One of Scott Meyer's recommendations for writing operator+ and
operator+= is to always implement operator+ _in terms of_ operator
+=. (Likewise for the other operators.)
In general, this is a good practice to follow. It helps make sure
that the two operations are consistent with each other, and so
avoids unexpected behavior.
However, it turns out that multiplying to complex numbers is a case
where the opposite is true. operator*= should instead be
implemented in terms of operator*. Look at the common
implementation of the two functions in the standard library:
complex<_Tp>&
complex<_Tp>::operator*=(const complex<_Up>& __z)
{
const _Tp __r = _M_real * __z.real() - _M_imag * __z.imag();
_M_imag = _M_real * __z.imag() + _M_imag * __z.real();
_M_real = __r;
return *this;
}
inline complex<_Tp>
operator*(const complex<_Tp>& __x, const complex<_Tp>& __y)
{
complex<_Tp> __r = __x;
__r *= __y;
return __r;
}
The implementation for *= is probably fine for itself.

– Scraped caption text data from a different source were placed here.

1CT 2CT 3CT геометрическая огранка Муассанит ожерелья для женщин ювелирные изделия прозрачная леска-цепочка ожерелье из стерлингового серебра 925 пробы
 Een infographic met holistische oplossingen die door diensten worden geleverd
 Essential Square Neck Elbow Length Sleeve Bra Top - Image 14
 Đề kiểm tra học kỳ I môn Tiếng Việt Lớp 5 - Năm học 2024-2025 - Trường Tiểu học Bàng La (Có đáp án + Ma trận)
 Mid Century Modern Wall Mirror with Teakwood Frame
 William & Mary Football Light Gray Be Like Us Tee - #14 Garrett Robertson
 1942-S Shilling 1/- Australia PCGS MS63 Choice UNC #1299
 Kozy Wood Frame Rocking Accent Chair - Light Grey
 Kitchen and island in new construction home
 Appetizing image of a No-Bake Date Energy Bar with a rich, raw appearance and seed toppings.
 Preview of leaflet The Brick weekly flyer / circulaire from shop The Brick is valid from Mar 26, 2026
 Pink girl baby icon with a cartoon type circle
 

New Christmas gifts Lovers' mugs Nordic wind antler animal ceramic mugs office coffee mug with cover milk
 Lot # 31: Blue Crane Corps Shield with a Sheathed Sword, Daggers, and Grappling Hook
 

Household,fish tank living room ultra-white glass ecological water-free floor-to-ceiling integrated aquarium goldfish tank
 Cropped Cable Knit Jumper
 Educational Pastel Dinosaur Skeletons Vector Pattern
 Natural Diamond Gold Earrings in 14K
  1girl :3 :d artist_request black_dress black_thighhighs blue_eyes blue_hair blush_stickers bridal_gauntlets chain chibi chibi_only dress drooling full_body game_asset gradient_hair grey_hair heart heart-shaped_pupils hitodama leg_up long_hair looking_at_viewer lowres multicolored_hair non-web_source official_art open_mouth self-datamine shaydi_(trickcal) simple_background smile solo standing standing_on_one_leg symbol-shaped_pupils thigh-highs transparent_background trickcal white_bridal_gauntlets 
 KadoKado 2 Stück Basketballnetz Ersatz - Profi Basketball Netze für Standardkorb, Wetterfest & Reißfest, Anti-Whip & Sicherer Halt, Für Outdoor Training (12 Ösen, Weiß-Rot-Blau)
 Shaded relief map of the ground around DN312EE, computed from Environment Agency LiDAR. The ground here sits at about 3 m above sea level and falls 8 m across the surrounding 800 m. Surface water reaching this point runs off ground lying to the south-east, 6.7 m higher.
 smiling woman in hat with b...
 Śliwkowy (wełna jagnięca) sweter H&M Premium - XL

But doing *
in terms of it requires an extra temporary, and, more importantly,
it moves the memory around in a way that no compiler I've tried has
been able to pipeline effectively.
A better implementation would be to have op* directly calculate both
components of the result, and return it as a new complex object:
{
return complex<_Tp>(
_x.real() * _y.real() - _x.imag() * _y.imag(),
_x.real() * _y.imag() + _x.imag() * _y.real());
}
If you wanted to follow the spirit of Scott Meyer's rule, you could
then implement op*= in terms of op*:
{ *this = *this * _z; return *this; }
But I haven't found any stl implementation that does it this way.